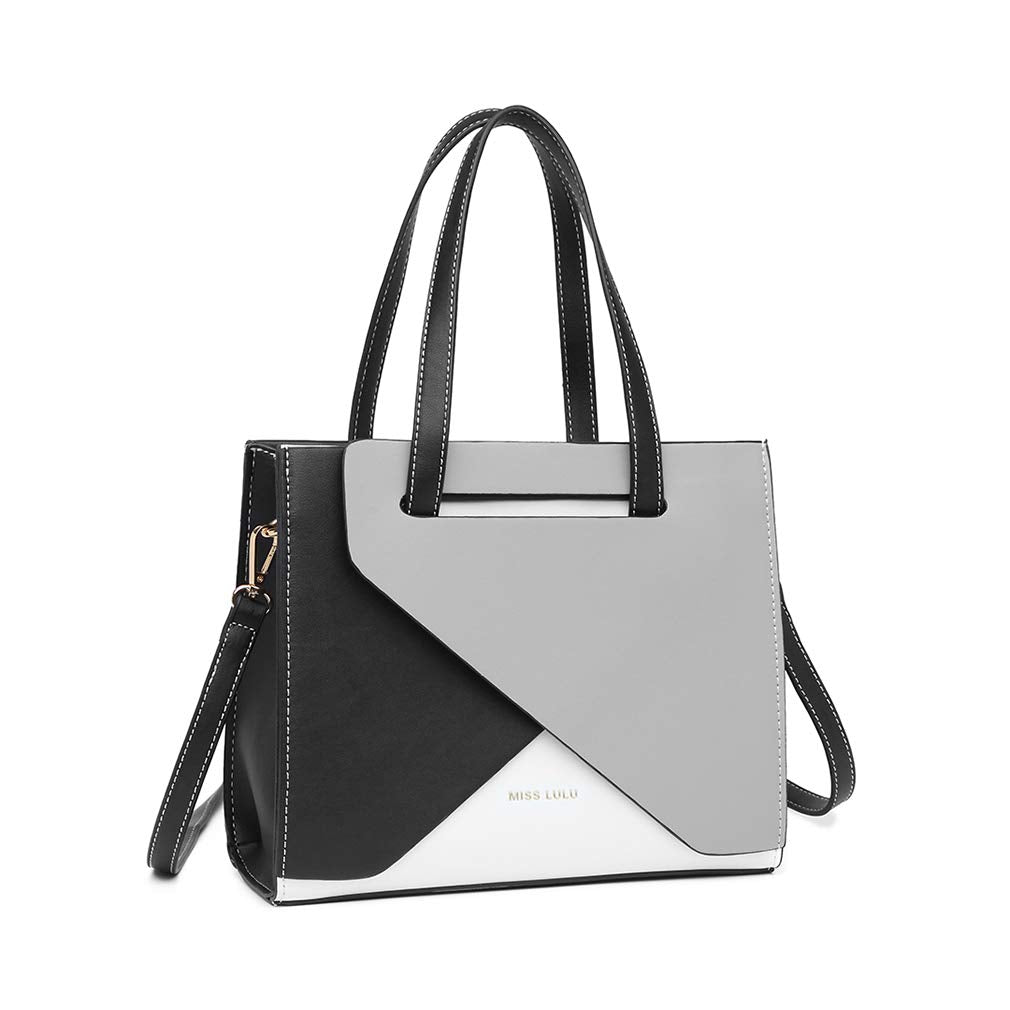 Miss Lulu Handbag for Women Fashion Top Handle Bag,Shoulder Bag, Easy Clean, With Adjustable Shoulder Strap, Can contain 9.7 Tablet,Color Stitching Design, Can switch color block match Grey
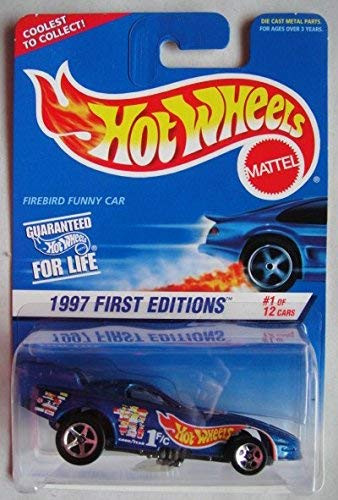 HOT WHEELS 1997 FIRST EDITIONS #1 OF 12 CARS, BLUE FIREBIRD FUNNY CAR #509 5 SPOKE 'COOLEST TO COLLECT' CARD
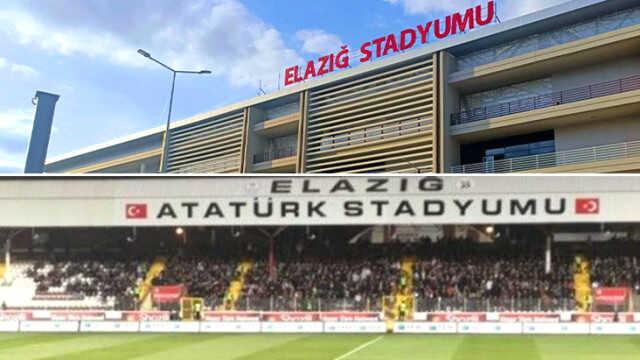 Elazığspor'un stadından Atatürk'ün adı çıkarıldı! Tepkilerin ardı arkası kesilmiyor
━━━━━━━━━━━━━━━━━━━━━━━━━━━━━━
The problem
Repeat the data above in full and exactly. Omit every image.

Solution
 Miss Lulu Handbag for Women Fashion Top Handle Bag,Shoulder Bag, Easy Clean, With Adjustable Shoulder Strap, Can contain 9.7 Tablet,Color Stitching Design, Can switch color block match Grey
 HOT WHEELS 1997 FIRST EDITIONS #1 OF 12 CARS, BLUE FIREBIRD FUNNY CAR #509 5 SPOKE 'COOLEST TO COLLECT' CARD
 Elazığspor'un stadından Atatürk'ün adı çıkarıldı! Tepkilerin ardı arkası kesilmiyor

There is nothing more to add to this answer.